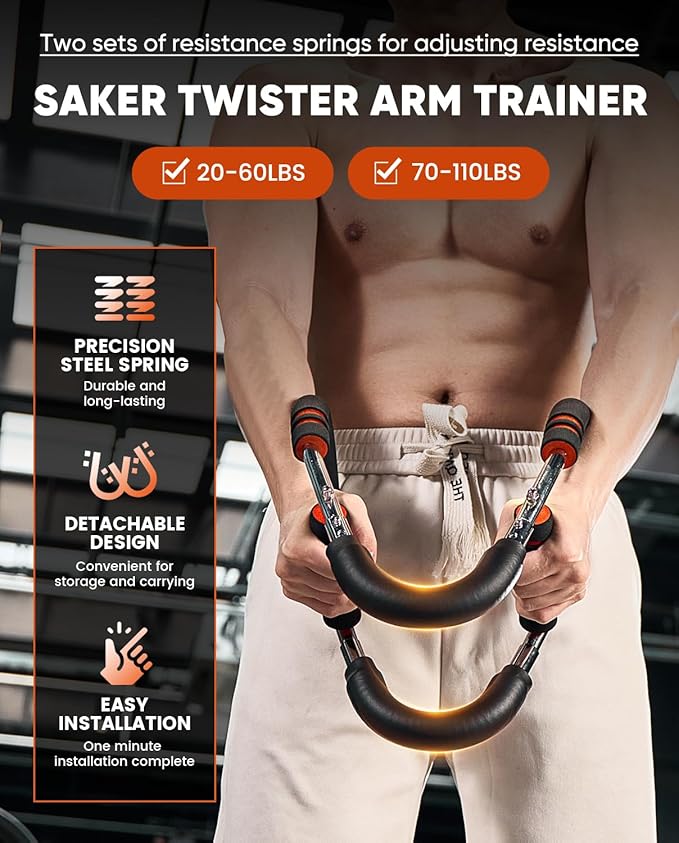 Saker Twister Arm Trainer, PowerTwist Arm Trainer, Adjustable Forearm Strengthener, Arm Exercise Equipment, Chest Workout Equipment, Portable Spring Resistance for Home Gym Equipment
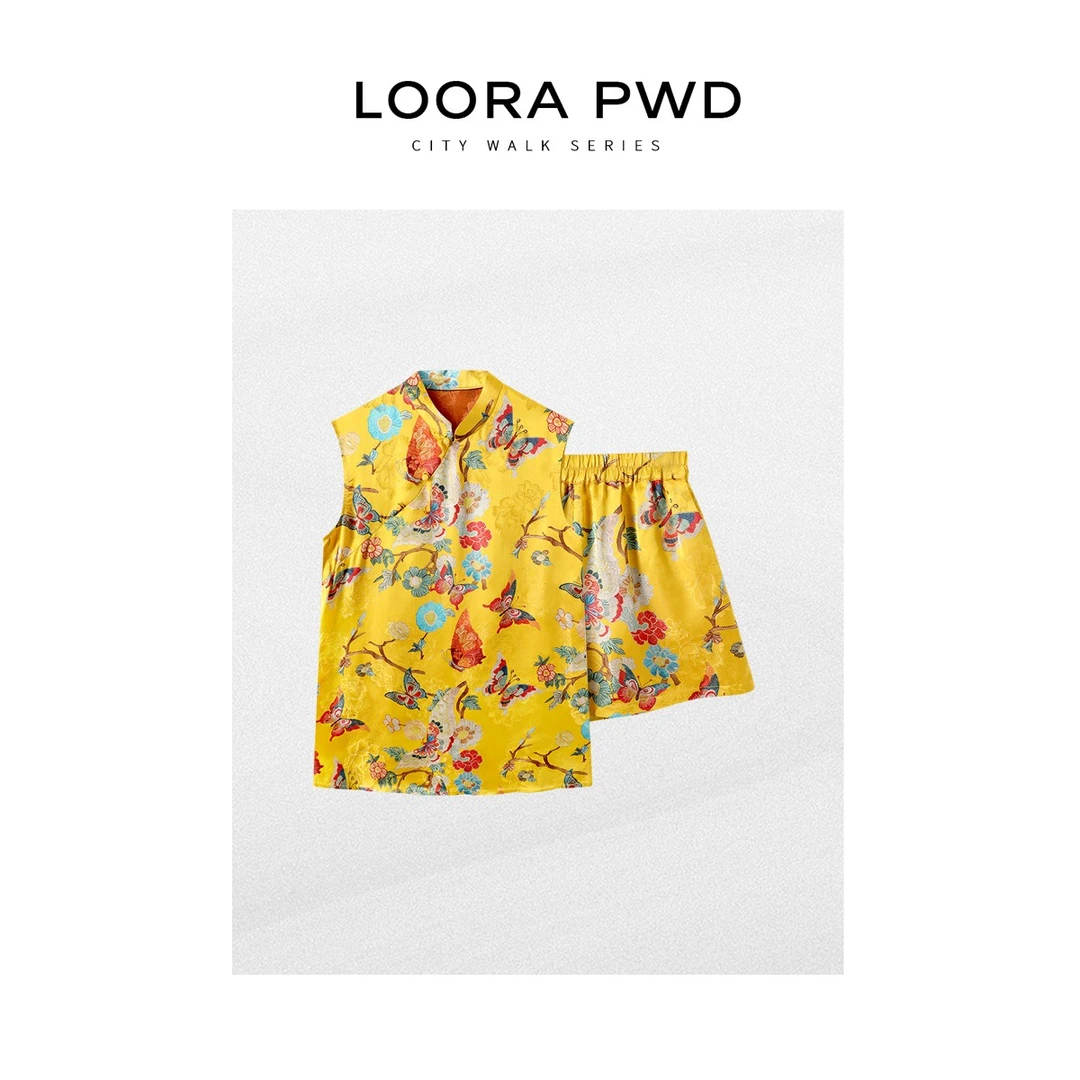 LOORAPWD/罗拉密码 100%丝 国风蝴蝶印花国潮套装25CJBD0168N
---
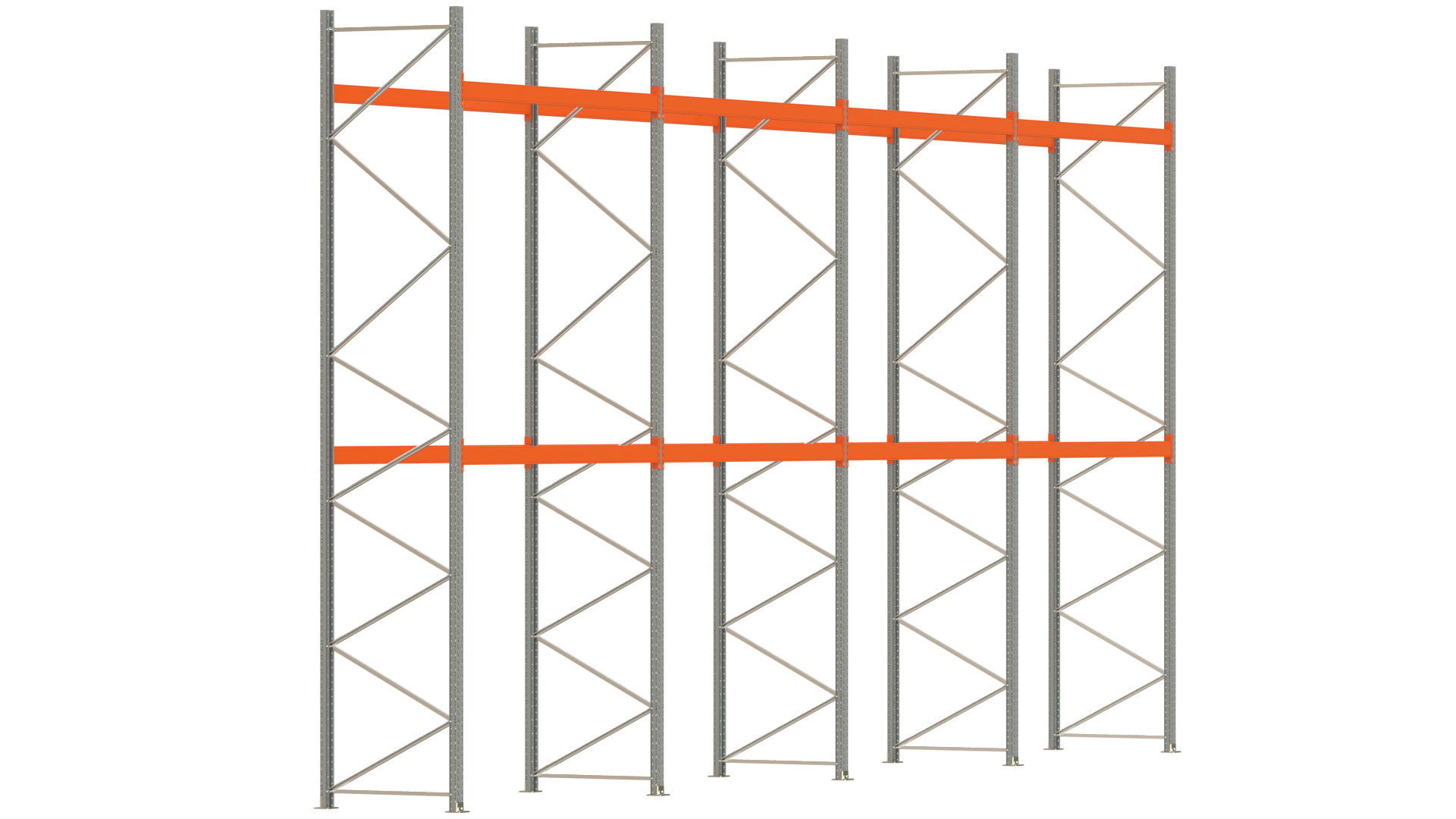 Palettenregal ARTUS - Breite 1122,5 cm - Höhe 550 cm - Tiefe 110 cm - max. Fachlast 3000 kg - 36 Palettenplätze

[WHAT IS EXPECTED] Where a picture appears in the records above, omit it, and transcribe exactly the stretch of lines from the one with "Saker Twister Arm" through the one with "LOORAPWD/罗拉密码 100%丝 国风蝴蝶印花国潮套装25CJBD0168N".

[EXERCISE SOLUTION]
 Saker Twister Arm Trainer, PowerTwist Arm Trainer, Adjustable Forearm Strengthener, Arm Exercise Equipment, Chest Workout Equipment, Portable Spring Resistance for Home Gym Equipment
 LOORAPWD/罗拉密码 100%丝 国风蝴蝶印花国潮套装25CJBD0168N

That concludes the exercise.